Brian Boucher put up the numbers and earned all four of his team's victories. Miller got the hook in the third period of Game Seven.
"I hope this stays with us for a while," a solemn Miller said after the 5-2 loss to the Flyers Tuesday in the Wells Fargo Center. "There's a lot of guys in this locker room returning. Just like Boston the year before [in the first round of the playoffs] and this year with Philly, these chances don't come around often and you can't waste them."
The Sabres goaltender stood on his head for virtually the entire first period while his team mostly stood around and got outshot, 16-2. Then he flubbed a deflected shot from Braydon Coburn with just 18.2 seconds left in the first period and the Sabres never recovered.
The puck struck the outstretched left glove of Mike Grier and hopped between Miller's pads. The Sabres never caught up.
"We almost got away with that first period and maybe it would have been a different game," Miller said. "I thought we were going to get away with it and it was a tough bounce. It changed direction on me a bit. I was reaching to play it to the corner and it ended up diving down off Mike."
It was a bizarre series for Miller. He had two shutouts, making him the only NHL goalie to collect two so far. And he was heroic in making 44 saves in Sunday's 5-4 overtime defeat.
But for all the talk about the Flyers' revolving trio, Boucher actually entered Game Seven with a better goals-against average and better save percentage than Miller.
And the final numbers, bloated by the blowout in the finale, really don't show Miller in a great light as he gave up 18 goals in the Flyers' four wins.
Boucher finished the series with a 2.10 goals-against average and .934 save percentage. Miller's numbers were 2.93 and .917.
Had the Sabres escaped the period still scoreless, they could have attempted to refocus for the middle frame and reestablish their offensive game. Instead, they were down and basically out.
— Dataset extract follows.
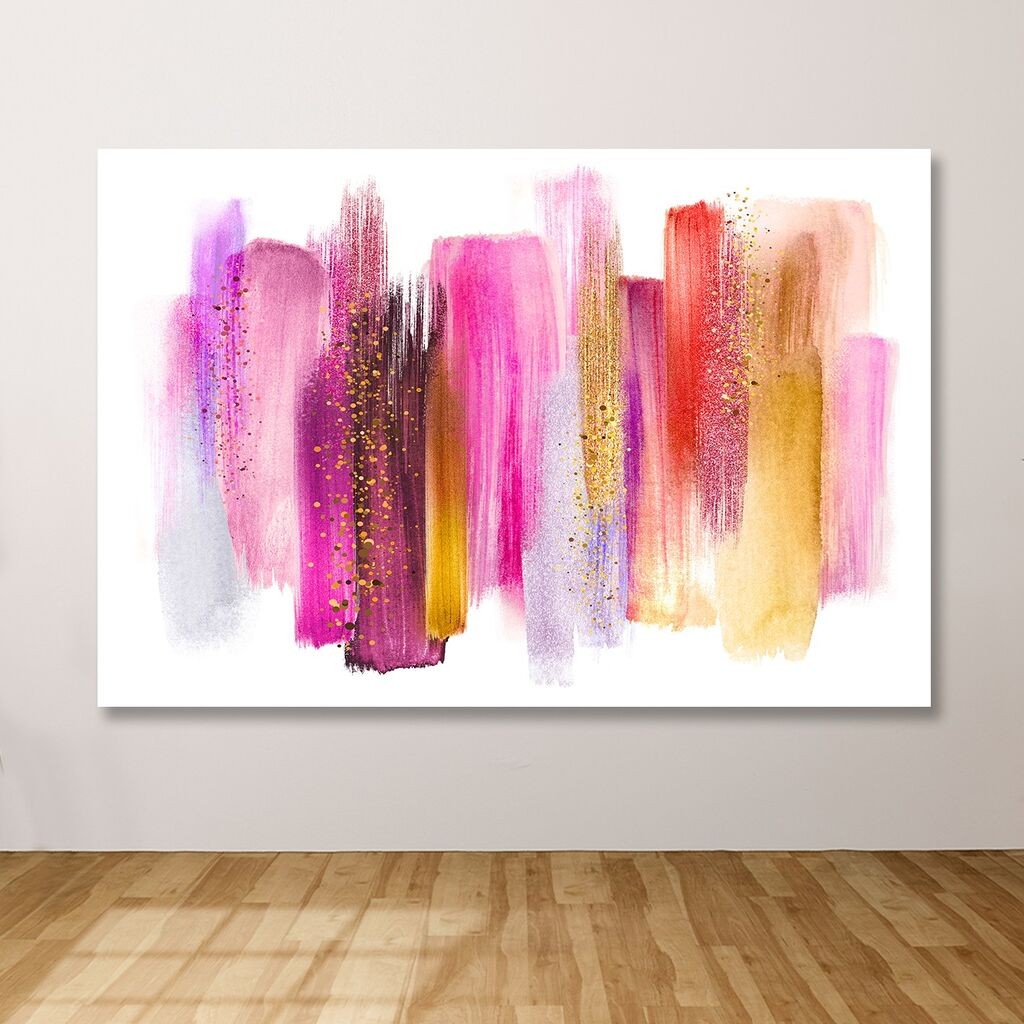 Slika za zid DEV631392137100140, 100x140 cm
Miller had no chance on a pair of power-play goals in the second period, a tap-in by Danny Briere and a deflection by James van Riemsdyk. But he was yanked after Ville Leino beat him on a slapshot 1:59 into the third. Miller was down far too early on Leino's shot and didn't really have his angle played well either.
The shot whizzed over his left shoulder and Miller dejectedly sat in the crease as the sellout crowd blew the roof off the Wells Fargo Center.
Lindy Ruff had seen enough. He sent Jhonas Enroth out for his first playoff action as Miller skated slowly to the bench. Miller tapped Enroth on the leg to wish him luck and Ruff came down to give a quick "it's not your fault"-type message to his goalie.
Miller listened, then disappeared down the tunnel into the offseason.
"That had nothing to do with Ryan's game," Ruff said. "I just felt at 4-0 that Jhonas had been a part of getting us to this point and he needed to experience a little bit of this. It had nothing to do with Ryan's game."